SAM Party will continue to run candidates despite federal appeals court setback

Serve America Movement Party. Image Credit -

Serve America Movement Party. Image Credit –

The Serve America Movement Party will continue to endorse candidates for the 2021 New York City mayoral race and the 2022 New York gubernatorial race despite a U.S. Court of Appeals judge’s rejection of its request to keep an automatic place on New York ballots. 

The announcement comes after the party was denied injunctive relief by the U.S. Court of Appeals to prevent the New York State Board of Elections from taking SAM off of ballots. SAM New York Chairman and former Pelham Mayor Michael Volpe called the ruling “a sad day for democracy” in a recent press release. 

SAM is a small political party that says it focuses on creating a unique, multifaceted political movement. The party is composed of former Democrats, Republicans and independents.

Gov. Andrew Cuomo has led the charge to eliminate smaller political parties in New York, including SAM. In a press release, SAM-NY called the governor’s move autocratic, as he pushed a change to election rules through by using the 2019 state budget with minimal debate. 
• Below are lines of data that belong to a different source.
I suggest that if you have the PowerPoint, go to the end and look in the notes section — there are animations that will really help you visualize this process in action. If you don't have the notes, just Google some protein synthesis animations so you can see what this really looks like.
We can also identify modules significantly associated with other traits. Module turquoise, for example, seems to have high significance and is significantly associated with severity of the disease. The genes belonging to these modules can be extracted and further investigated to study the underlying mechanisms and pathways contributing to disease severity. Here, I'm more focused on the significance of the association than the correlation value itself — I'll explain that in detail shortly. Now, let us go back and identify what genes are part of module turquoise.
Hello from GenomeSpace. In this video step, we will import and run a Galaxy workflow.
The new rule requires small political parties to not only participate in the governor’s race but the presidential campaign as well to qualify for an automatic spot on the ballot. In 2018, SAM secured an automatic spot on the New York State ballot for the next four years when its gubernatorial candidate, former Syracuse Mayor Stephanie Miner, received more than 50,000 votes in the race.
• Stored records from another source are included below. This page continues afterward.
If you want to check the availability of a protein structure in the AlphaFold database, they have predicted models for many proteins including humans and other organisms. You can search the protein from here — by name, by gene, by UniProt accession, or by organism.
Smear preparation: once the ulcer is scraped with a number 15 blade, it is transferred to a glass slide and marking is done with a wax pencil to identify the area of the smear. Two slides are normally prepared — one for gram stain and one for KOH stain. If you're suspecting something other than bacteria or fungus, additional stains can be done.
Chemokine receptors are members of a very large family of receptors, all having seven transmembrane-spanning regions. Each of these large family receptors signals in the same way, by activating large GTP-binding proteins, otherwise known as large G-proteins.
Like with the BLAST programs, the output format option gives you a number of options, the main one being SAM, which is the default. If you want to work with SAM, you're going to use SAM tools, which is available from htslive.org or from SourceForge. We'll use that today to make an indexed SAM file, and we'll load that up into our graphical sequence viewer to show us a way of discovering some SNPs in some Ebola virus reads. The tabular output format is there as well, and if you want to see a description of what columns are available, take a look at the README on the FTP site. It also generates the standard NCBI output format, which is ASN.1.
Cuomo’s move erased that gain. If the ongoing appeal in the federal courts is denied, SAM will be required to gather thousands of signatures in order to get each of its candidates on to the ballot. 

SAM did not have a 2020 presidential candidate in New York because the party felt that would not advance their goals. “SAM-NY chose not to run a presidential candidate in 2020 because our strategy is focused on building a viable party nationwide over a number of years,” said SAM National Chairman David Jolly. “Running a presidential ticket in 2020 in one state would not advance our plan, and we were not willing to participate in it.”

SAM argued that a forced association with another party’s presidential candidate violated the Bill of Rights.

“Requiring our party to support Trump, Biden or anyone else,” SAM stated in the press release, “is not compatible with SAM’s foundational principles.” 

Following the failed appeal for injunctive relief, the trial on SAM’s case will continue in federal circuit court sometime this year. Volpe said that it is hard to estimate the date at this time, but he expects it to come within the next couple months. 

In the future, SAM wants to continue to create awareness of the party’s values and provide Americans with a third-party option in presidential and local elections.

“We want to localize and gain more support, as well as get candidates that address everyday problems,” Volpe said. 

SAM will continue to run candidates in local, county and state elections in New York through 2021 and 2022.